● WORK REQUIRED
Starting at the line that holds "Rana Wide Table", transcribe every line to the end of the data exactly; include no other lines.

(Records excerpted from a collection)
== == ==
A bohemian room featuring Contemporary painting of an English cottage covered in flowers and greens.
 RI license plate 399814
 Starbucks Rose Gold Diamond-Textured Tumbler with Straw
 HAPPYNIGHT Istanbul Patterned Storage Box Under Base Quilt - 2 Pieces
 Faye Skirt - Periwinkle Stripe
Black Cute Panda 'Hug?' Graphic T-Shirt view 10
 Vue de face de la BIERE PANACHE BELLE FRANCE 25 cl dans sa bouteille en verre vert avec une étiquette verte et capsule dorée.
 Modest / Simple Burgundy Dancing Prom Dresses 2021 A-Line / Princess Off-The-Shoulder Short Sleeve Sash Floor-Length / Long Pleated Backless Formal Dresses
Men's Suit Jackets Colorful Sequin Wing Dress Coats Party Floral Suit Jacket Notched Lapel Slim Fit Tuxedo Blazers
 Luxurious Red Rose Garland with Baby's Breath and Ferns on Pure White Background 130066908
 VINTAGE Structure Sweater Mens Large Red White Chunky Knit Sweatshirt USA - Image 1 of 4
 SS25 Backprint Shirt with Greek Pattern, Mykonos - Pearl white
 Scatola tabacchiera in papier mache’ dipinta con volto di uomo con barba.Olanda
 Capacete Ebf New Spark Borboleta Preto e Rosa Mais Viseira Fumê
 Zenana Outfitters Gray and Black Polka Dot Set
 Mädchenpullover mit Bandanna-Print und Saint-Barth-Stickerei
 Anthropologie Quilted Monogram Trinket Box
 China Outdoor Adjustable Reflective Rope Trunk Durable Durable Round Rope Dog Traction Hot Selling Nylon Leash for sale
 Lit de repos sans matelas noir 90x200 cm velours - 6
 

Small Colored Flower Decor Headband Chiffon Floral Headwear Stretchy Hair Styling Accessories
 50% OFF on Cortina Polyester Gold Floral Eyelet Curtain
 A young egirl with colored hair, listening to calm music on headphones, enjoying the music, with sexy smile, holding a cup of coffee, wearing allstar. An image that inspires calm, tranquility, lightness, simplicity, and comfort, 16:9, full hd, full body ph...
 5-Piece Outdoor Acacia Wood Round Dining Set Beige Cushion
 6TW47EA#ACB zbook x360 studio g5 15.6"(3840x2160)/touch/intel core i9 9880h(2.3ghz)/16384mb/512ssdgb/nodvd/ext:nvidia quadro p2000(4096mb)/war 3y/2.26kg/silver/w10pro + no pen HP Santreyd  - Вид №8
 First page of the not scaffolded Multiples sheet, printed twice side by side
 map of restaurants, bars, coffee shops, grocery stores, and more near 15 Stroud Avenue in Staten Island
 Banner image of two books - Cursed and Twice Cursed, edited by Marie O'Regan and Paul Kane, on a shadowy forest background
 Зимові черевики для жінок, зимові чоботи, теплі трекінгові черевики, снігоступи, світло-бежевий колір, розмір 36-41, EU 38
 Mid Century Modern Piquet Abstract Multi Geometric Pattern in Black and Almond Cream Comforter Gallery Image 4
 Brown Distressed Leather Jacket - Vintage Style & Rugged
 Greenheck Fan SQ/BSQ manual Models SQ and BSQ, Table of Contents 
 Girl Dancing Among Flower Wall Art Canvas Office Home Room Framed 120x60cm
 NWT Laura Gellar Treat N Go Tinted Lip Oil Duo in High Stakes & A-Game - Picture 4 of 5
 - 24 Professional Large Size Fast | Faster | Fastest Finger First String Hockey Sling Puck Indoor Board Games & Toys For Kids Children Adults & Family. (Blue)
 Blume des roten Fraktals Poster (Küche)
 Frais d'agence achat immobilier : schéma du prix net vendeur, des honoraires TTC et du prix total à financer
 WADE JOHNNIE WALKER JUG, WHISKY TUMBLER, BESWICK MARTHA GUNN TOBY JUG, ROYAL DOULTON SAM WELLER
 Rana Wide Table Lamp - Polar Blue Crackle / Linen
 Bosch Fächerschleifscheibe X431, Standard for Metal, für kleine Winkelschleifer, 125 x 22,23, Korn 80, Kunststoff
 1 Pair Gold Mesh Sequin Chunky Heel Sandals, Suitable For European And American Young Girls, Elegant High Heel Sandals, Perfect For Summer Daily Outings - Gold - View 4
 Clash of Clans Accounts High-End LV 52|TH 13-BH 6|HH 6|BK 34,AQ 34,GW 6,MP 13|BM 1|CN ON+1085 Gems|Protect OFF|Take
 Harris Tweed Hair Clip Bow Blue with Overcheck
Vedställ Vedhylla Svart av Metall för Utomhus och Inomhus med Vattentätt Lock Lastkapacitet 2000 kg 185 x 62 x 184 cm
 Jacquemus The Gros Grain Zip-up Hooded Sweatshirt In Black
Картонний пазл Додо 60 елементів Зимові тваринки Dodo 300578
== == ==
● REPLY
 Rana Wide Table Lamp - Polar Blue Crackle / Linen
 Bosch Fächerschleifscheibe X431, Standard for Metal, für kleine Winkelschleifer, 125 x 22,23, Korn 80, Kunststoff
 1 Pair Gold Mesh Sequin Chunky Heel Sandals, Suitable For European And American Young Girls, Elegant High Heel Sandals, Perfect For Summer Daily Outings - Gold - View 4
 Clash of Clans Accounts High-End LV 52|TH 13-BH 6|HH 6|BK 34,AQ 34,GW 6,MP 13|BM 1|CN ON+1085 Gems|Protect OFF|Take
 Harris Tweed Hair Clip Bow Blue with Overcheck
Vedställ Vedhylla Svart av Metall för Utomhus och Inomhus med Vattentätt Lock Lastkapacitet 2000 kg 185 x 62 x 184 cm
 Jacquemus The Gros Grain Zip-up Hooded Sweatshirt In Black
Картонний пазл Додо 60 елементів Зимові тваринки Dodo 300578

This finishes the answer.